Dr. Death (aka Dale Tuck) and the Crystal Skull (trophy for the top finisher)

Disclaimer: As I am only intimately familiar with Legs 1 and 4 due to these are the only ones I actually ran this year. All information written below pertaining to Legs 2, 3 and 5 are only here say and conjecture, thus I am not taking any responsibility for false statements that may inadvertently be implied.
Preparation and Gear:
After a night of not much sleep (like that is unusual), I rolled out of our sleeping bag and started to get ready for the long day ahead. I was full of all types of emotions, excitement, nervousness, anxiousness to name a few. Nicole had been up and was returning from town with coffee for us and Dan (how awesome is that), and she already had half of my pack filled up with the essentials like, a full bladder, energy bars, Vega gels, emergency blanket and my bear bangers. I love my wife dearly, she always puts others before herself but sometimes I wish she thought of herself more, but at this point I was not complaining.
I was really starting to freak out as I was getting my running gear together and glancing over at the time, I did not want to be late to the start line not for this. So I started running my gear checklist through my head as I ripped through our running gear bag.
Ink 'N' Burn shorts, check;
Under Armor t-shirt, check;
Nike Running Hat, check;
garmin. check;
North Face light jacket, check;
Gloves, check;
Poles, my mid range trekking poles for those nasty hills, check;
Made For Skin Natural Skin Balm, check (perfect for prevention of chaffing, I really do not like Body Glide, this stuff is amazing and made in Winnipeg);
Death Race Coin and check in finger thingy, check, check;
Shoes, ch----, just kidding, I don't need no stinking shoes. Only my backup Vibram KSO's just in case.

Leg One:
With that, we all piled into the truck and raced to the start line to get me checked in, it was getting late, about 7:40 and I wanted a few minutes to focus on the day ahead without scrambling around to much. As I headed over to the North Face check in area I ran into Lori, one of the many fantastic organizers of this event. She greeted me with a great big smile, and promptly said after looking at my feet, "Why are those on your feet, your running barefoot aren't you Bob?" I smiled and said of course, but I am going incognito until closer to race start time I don't want to freak to many people out. She laughed and wished me luck. I checked in quickly and headed back to the start line where I disposed of the shoes and tucked them away, other runners started looking my way and pointing at my feet and whispering. I just ignored as much as possible and focused on getting into the zone.

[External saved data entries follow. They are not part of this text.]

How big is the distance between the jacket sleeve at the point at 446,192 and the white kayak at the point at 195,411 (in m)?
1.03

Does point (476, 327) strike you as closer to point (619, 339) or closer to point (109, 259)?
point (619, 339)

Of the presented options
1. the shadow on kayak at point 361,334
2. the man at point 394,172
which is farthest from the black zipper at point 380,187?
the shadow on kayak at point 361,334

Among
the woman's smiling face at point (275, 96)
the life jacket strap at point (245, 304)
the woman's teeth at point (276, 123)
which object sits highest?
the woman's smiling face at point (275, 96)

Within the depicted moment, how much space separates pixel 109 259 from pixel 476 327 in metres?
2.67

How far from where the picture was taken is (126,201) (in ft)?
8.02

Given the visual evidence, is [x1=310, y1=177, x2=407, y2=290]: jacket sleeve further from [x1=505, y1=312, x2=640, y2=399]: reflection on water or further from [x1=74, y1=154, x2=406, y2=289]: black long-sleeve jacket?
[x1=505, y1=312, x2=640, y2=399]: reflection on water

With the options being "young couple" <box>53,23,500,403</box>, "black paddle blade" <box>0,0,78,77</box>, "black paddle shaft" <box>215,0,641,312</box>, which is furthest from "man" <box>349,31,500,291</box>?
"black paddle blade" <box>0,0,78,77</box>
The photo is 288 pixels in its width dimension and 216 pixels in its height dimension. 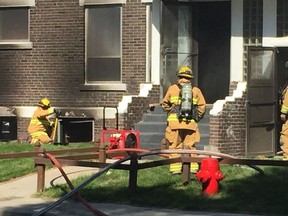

I got a bunch of good lucks from runners around me as the small talk continued, and I ran into (not literally) Craig from Winnipeg, we chatted for a couple of minutes said our good lucks and buckled down for the start. As the big clock at the Start line clicked down to the 8:00 start, I quickly went through my mental checklist in my head (because out loud would of just seemed crazy). Hat...check; running pack.... check; full Shit, I forgot to go to the loo, oh oh this could be interesting, hopefully my system can hold out until the end of the leg, cross your fingers or legs whatever comes natural.
View from the start line with about 10 minutes to the gun
At 8:00 we were off, after a slow shuffle out of the gate towards Hoppe Avenue, with RCMP officers in full regalia leading the way. The start of the run featured a quick loop up and back down to the start line where we were off and running. This was when I first realized I didn't have my poles with me, crap of all the things to forget I did not want these to be one of them. As I was cursing my way along, I looked up to see Nicole, like a vision of beauty, standing off to the side holding my poles out to me. With a quick thank you, love you and good luck I was off. Things were going along swimmingly as we carried on up Shand Avenue towards 100th Street (I believe that would be Main Street) and turned to head out of town. I was trying to maintain a even pace for this part as it was all on asphalt and I did not want to blow it early by going out to quickly. I was still passing other runners, to the shock and dismay of them once they realized my feet were bare. I felt like I was surrounded by a herd of buffalo with all the foot stomping going on, I just cringed and focused on nice light steps, be the ninja, I am the ninja........ Then there was Dale Tuck prancing (and I do mean prancing) up the dirt trail beside the road looking fresh and spry, enticing everybody on. This seriously was not a good look for the guy who was sporting black and white face paint, a cape and carrying a crystal skull the night before, did he have us all fooled the night before.All I can say is 'Well played Dale, well played'.
I was really happy with my pace as we made the turn to get onto the first part of dirt trail, I was still passing other runners, my breathing was good, my feet felt fantastic, I am quite sure my smile was from ear to ear. Then as we entered the woods, the unmentionable happened.... my stomach started to gurgle, crazy noises started to escape my posterior. 'Hmm must of been a squirrel making all that noise', was the only thing i could think of saying as i cruised along the trail, hoping nobody suspected the barefoot runner was letting lethal backdoor breezes escape in rapid fire succession. 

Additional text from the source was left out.